Of course, this comes at the expense of the poor populating Rio, which became readily apparent during the World Cup. Costs for the 2016 Games are expected to come from the private sector, but we will need to wait and see how things play out with about a year and a half to go before the torches are lit. Some people are already starting to see the problems coming down the road as the world’s attention shifts back to Rio for 2016, including Rafael Alcadipani, a professor at the Getulio Vargas Foundation.

“Just as Brazil’s attention turns to the Olympics, all the scandals and the full cost of the World Cup will start to become public,” he told the Financial Times. “There will already be revulsion over how much was spent on the stadiums and we will have to spend more on the Olympics, so it could be an even more difficult situation.”

As if to summarize the feelings of Norway, Sweden and almost every other nation on Earth, Alcadipani says that hosting the Olympics is just simply not a good idea anymore. “Hosting this type of mega event just doesn’t make much sense any more,” he said.

What does that mean for Boston?

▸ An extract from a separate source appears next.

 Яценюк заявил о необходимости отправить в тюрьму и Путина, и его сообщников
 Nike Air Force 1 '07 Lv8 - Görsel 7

Perhaps that the city should seriously reconsider its bid. Of course, it’s not a foregone certainty that the Olympics will actually be held there in 2024, but the list is being narrowed down. Without a doubt, the Olympics bring some positives to the table by infusing the local economy with short-term employment opportunities and an influx of foreign cash, not to mention displaying the city on stage for the whole world to see. But looking at the big picture, it seems that the Olympics may be more of an expenditure and hassle than an economic opportunity to be seized.